COUNTY Hall chiefs have pledged not to go camera crazy as they set about trying to make Lancashire's roads safer.
Lancashire County Council, in conjunction with the two unitary authorities, has started a pilot project which involves using money from road-related fines being used to pay for road-safety improvements.
Over the next three years, the county council is expected to get around £7million from the Department for Transport, Local Government and the Regions. It will also give £1.2million of its own cash to supplement the scheme, which aims to help the police reach its target of reducing the number of people killed or seriously injured in accidents by 40 per cent.
Other aims include a 50 per cent reduction in the number of children killed or seriously injured and a 10 per cent reduction in slight injuries, all by 2005, five years ahead of Government targets.

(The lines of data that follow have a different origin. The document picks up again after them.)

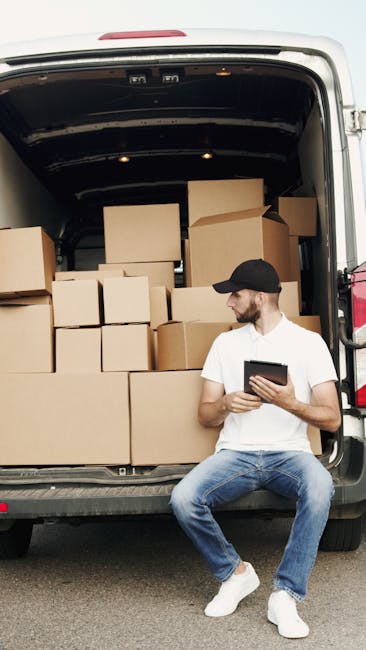 A man with glasses, wearing a light blue shirt and dark trousers, is seated on a wooden chair next to a white delivery van parked on a urban street. The van's rear doors are open, revealing a partially loaded interior with cardboard boxes, wooden furniture, and packing materials. The man appears to be resting or reviewing details, holding a piece of paper or a checklist. Nearby, small wooden stools and protective padding are visible on the pavement, while the street background includes a modern building with glass windows and a no-parking traffic sign. The scene illustrates a home relocation process involving furniture transport and packing, with the man part of a professional removals service such as Man with Van Brent, positioning the vehicle for efficient loading or unloading during a house move or flat removal in Kilburn.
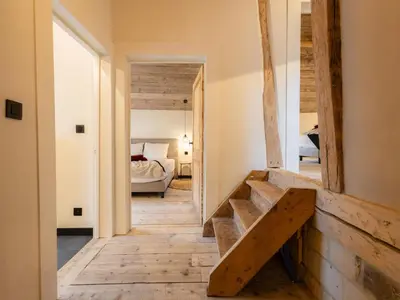 a hallway with a wooden staircase in a room at Maison Cuberdon in Riemst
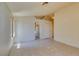 Open-plan living area with tile floors and a view of the kitchen, creating a seamless transition at 9017 Iron Hitch Ave, Las Vegas, NV 89143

Currently, some 9,000 people are injured in road crashes, of which 1,000 are seriously injured and 70 people killed. If the project is successful, 580 fewer injuries will occur and 40 lives will be saved, helping to cut health costs by £9.6million.
A report to this week's meeting of the Lancashire County Council cabinet committee outlines how the project will succeed. A massive education and publicity initiative will be launched with the aim of changing people's attitudes towards speeding, drink-driving and the use of seatbelts.
A spokesman for the county council said: "This will be the most ambitious and largest local government media activity of its kinds in the UK.
"It will give the public of Lancashire the information which will enable them to re-appraise their attitude to speed in the knowledge of the potential consequences before being exposed to intense enforcement activity."
Speed awareness courses will also be offered to drivers who are slightly over the limit as an alternative to prosecution.
But the report has acted to allay councillors' concerns that the project will lead to speed cameras being indiscriminately placed across the county to help increase the number of fines.
The spokesman added: "Police activity will be centred on known high incidence crash hot spots and vulnerable areas such as school routes. But cameras will not be used at hotspots indiscriminately. The first option will be to determine whether engineering measures can be used to obtain casualty reduction."
A 'speed map' will also be produced to see if publicity has an affect on certain speed and casualty hotspots before cameras are installed.
The whole project is the result of a partnership between councils, Lancashire's health authorities and the Lancashire Magistrates Court. The scheme began on October 1 but will be officially launched on November 21.